Offa Street is a short side road in the very centre of Hereford, leading from East Street to St. Peter's Square, the site of Hereford's War Memorial. A sharp right where Offa Street meets St. Peter's Square, along St. Owen Street, and the eager VBCW tourist quickly arrives at Hereford Town Hall. But Offa Street itself has always remained somewhat anonymous:
Offa Street in late Victorian times. St Peter's Church prominent at the top of this anonymous side road. |
At No. 3 Offa Street lies the Victorian red brick Headquarters of the Hereford Cattle Society, formerly known as - big spoiler coming up - the Hereford Herd Book Society.
The Hereford Herd Book Society was founded in 1878 by Mr John Hungerford Arkwright of Hampton Court (Castle). This followed the publication of the first "herd book" of Hereford cattle in 1846 by Thomas Eyton of Wellington, Shropshire. As the modern day Cattle Society have recently noted : "Since 1886, the herd book has been closed to any animal with a sire or dam not previously recorded, so for over 130 years there has been continuous breeding."
By 1938, of course, the Herd Book (in fact, by that time, quite a number of books) had some 50 years of records, not just of breeding, but of planned improvement via breeding. While the Cattle Society and Herefordshire's farmers were entirely innocent of any greater (or malign) purpose than increasing the heft and value of Hereford cattle, the presence of such a rare archive of biological information was an irresistible lure to a wide variety of less well disposed VBCW factions - principally the sinister eugenicists of the BUF "Scientific Research Section" and, for very different reasons, the Lysenkoists of the Presteigne Soviet.
Nor was that all. By 1938, the Hereford Herd Book Society had exported the Hereford breed to many different countries, principally the United States of America and Ireland. Acquisition of original historical breeding records, represented by the "Hereford Herd Book", could therefore be considered a "top national priority" in these countries, and the rumoured despatch (with full deniability, of course) of "Snatch Squads" from Washington and Dublin to the chaos of VBCW Herefordshire is still a matter of heavily contested debate within specialist historical circles.
One day, perhaps, the full and accurate story of the valiant defence of the original "Herd Book" by members of the Hereford Society will be told - the smuggling of the records, the checkpoints, the betrayals and gun-battles. However and for some time yet, we suspect, it will still remain "The Secret of Offa Street"....
Notes :
(1). for an interesting and detailed view of the Arkwright family and of Hampton Court, see HERE.

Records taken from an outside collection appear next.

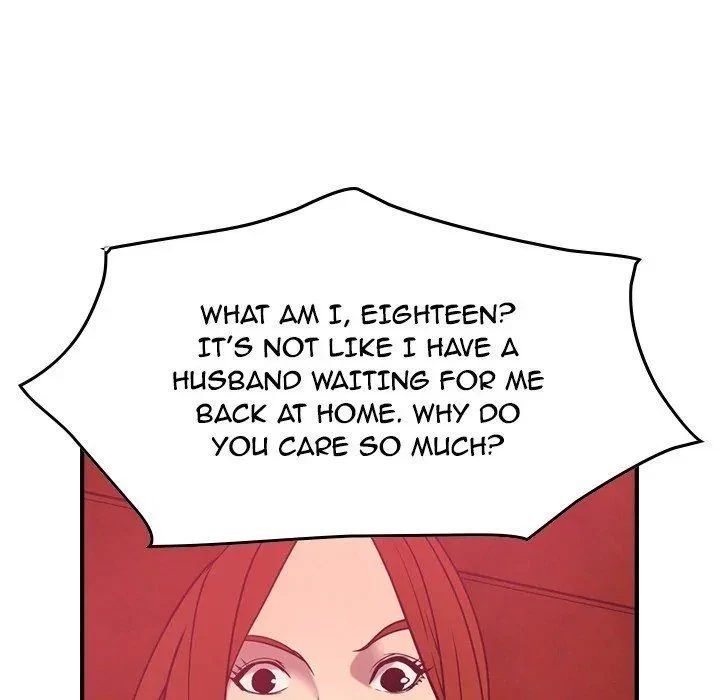 Manager Chapter 35, page 68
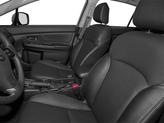 Thumbnail of 2014 Venetian Red Pearl Subaru XV Crosstrek
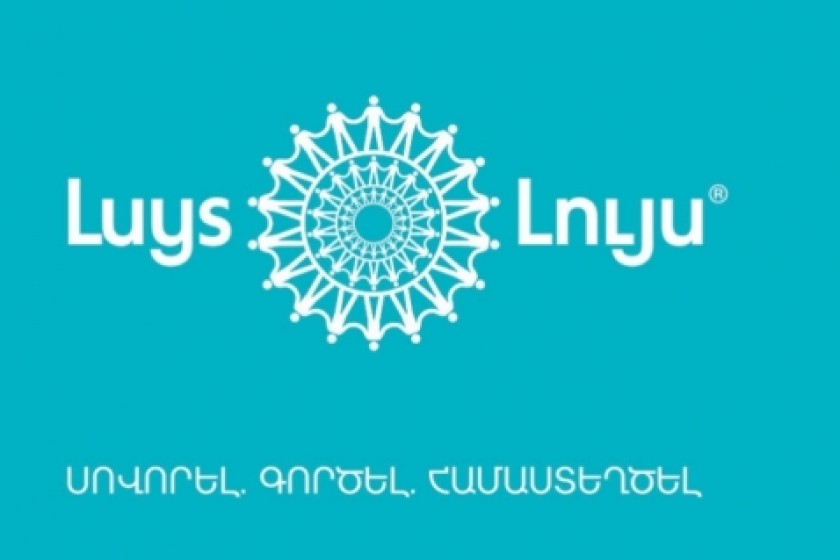 LUYS to Continue Financial Assistance for Another Year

(2). for our "List of Hereford Country Houses", including Hampton Court, see HERE
(3). for the modern day Hereford Cattle Society, including valuable particulars of forthcoming stock auctions and semen sales, see HERE. For obvious and entirely understandable reasons, the Cattle Society's historical commentary entirely omits any mention of "the difficult years" of the VBCW.
(4). Equally unsurprising, at least to dedicated VBCW researchers, the relevant national records of the United States and the Republic of Ireland are either still under permanent security embargo, or simply listed as "missing, presumed lost".
(5). For a speculative and highly colourised American account of relevant VBCW events, published shortly after "The Pentagon Papers" in 1968 and therefore shorn of the public attention it otherwise deserved, see "The Hereford Herd Book Heist" by Runyon (Area 51 Publishers, Nevada). It is now difficult to get hold of a copy, perhaps on the basis that the US Govt. are alleged to have instituted a "mass purchase initiative", but the occasional PDF can still be found on the dark web.